■ ACTION ITEM ■
Each record must be written out again exactly. Skip any picture it contains.

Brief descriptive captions
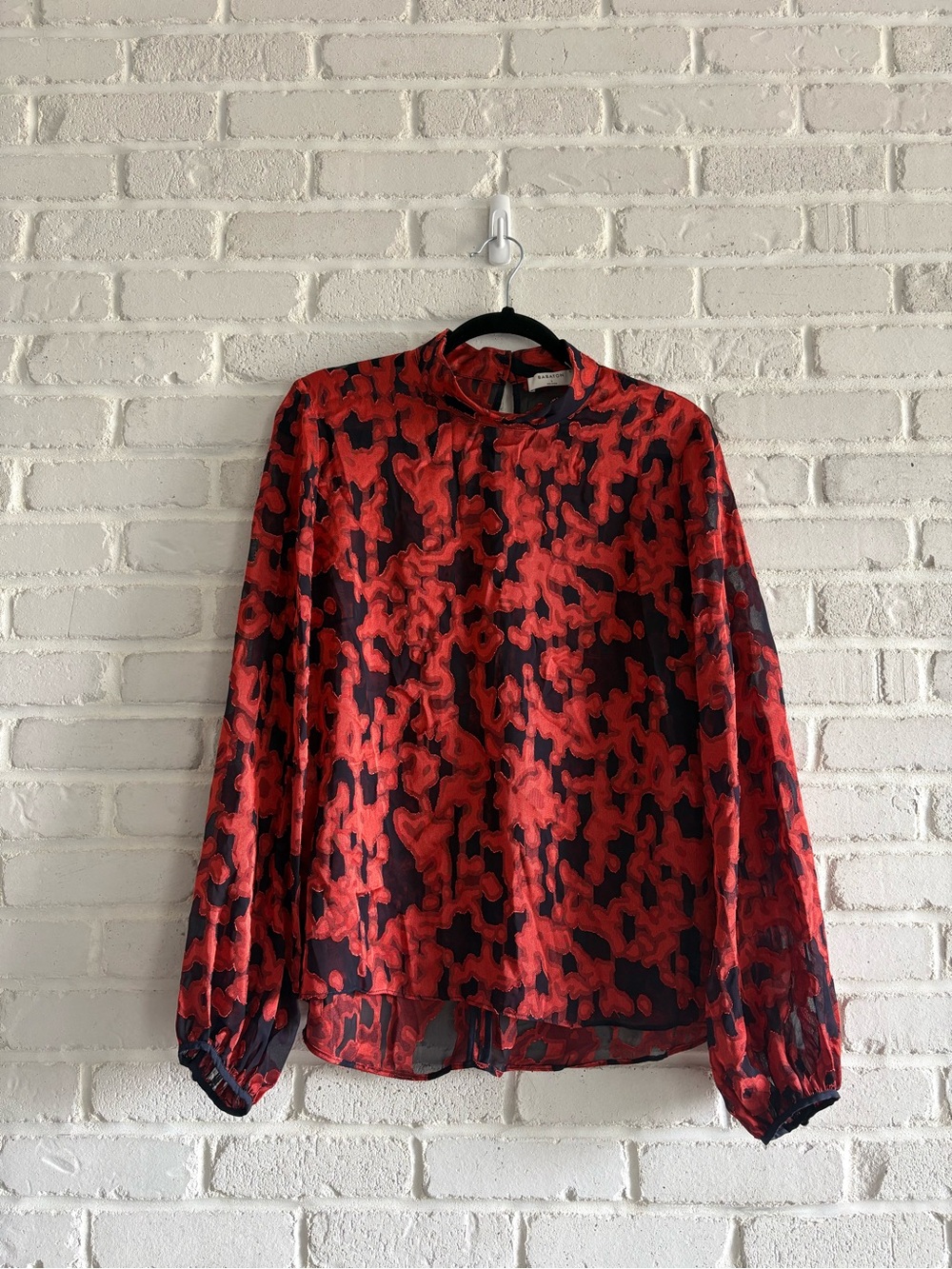 Babaton Red and Black Semi-Sheer Long-Sleeve Blouse, Size Large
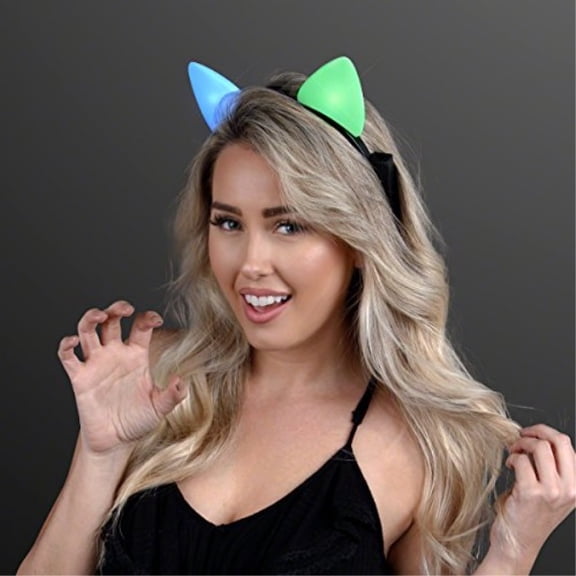 glowing color changing led cat ears headband
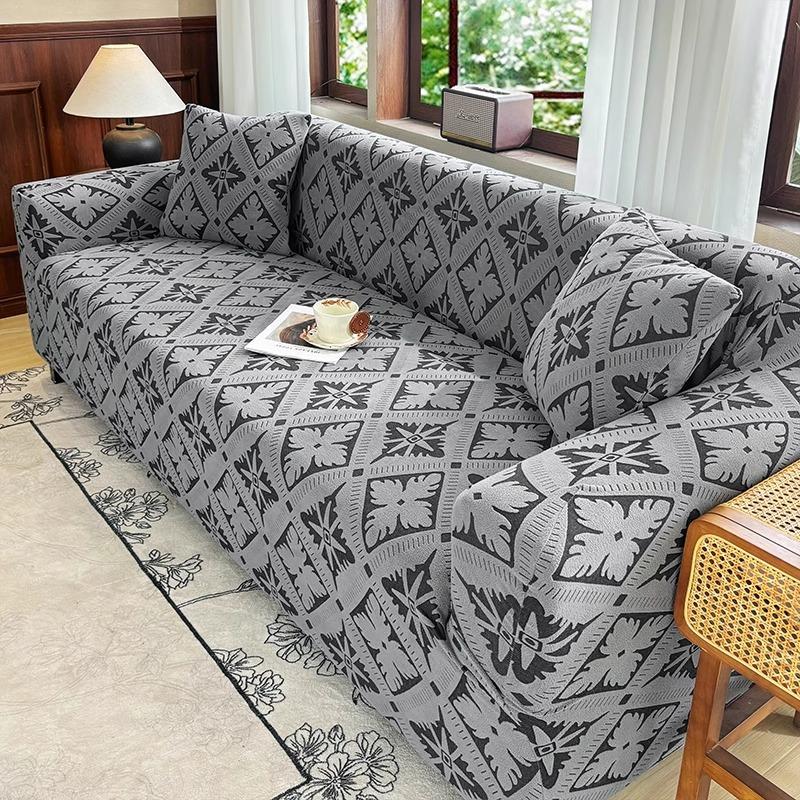 Mid Century Style New Four Season Universal Elastic Sofa Cover All Inclusive One Line Anti Cat Scratch Straight Sofa Upholstery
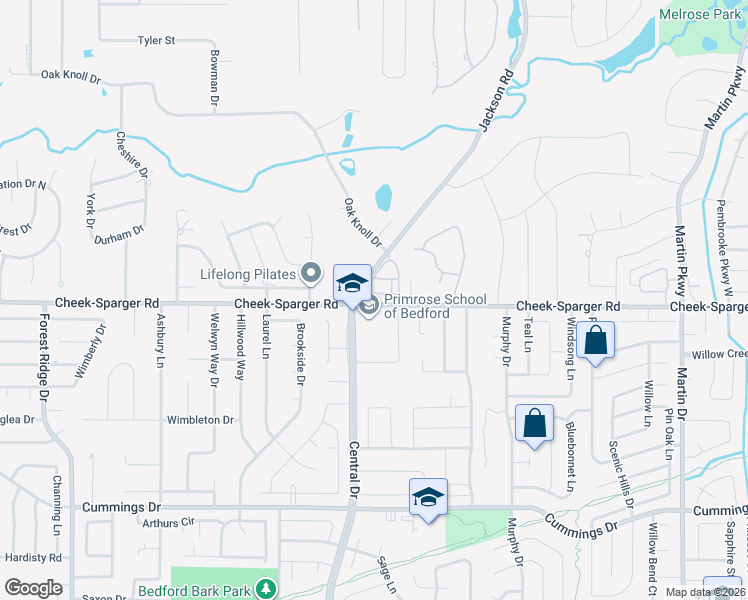 map of restaurants, bars, coffee shops, grocery stores, and more near 3935 Spring Garden Drive in Colleyville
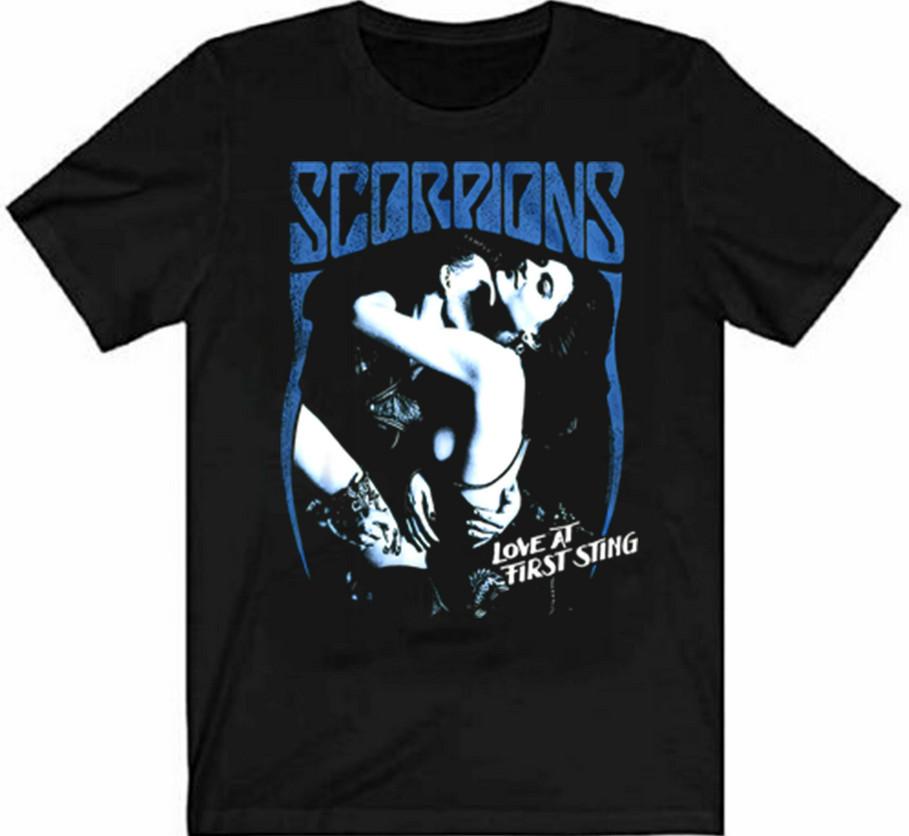 Unisex Cotton T-shirt Scorpions First Sting Black Adult T Shirt.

■ EXERCISE ANSWER ■
 Babaton Red and Black Semi-Sheer Long-Sleeve Blouse, Size Large
 glowing color changing led cat ears headband
 Mid Century Style New Four Season Universal Elastic Sofa Cover All Inclusive One Line Anti Cat Scratch Straight Sofa Upholstery
 map of restaurants, bars, coffee shops, grocery stores, and more near 3935 Spring Garden Drive in Colleyville
 Unisex Cotton T-shirt Scorpions First Sting Black Adult T Shirt.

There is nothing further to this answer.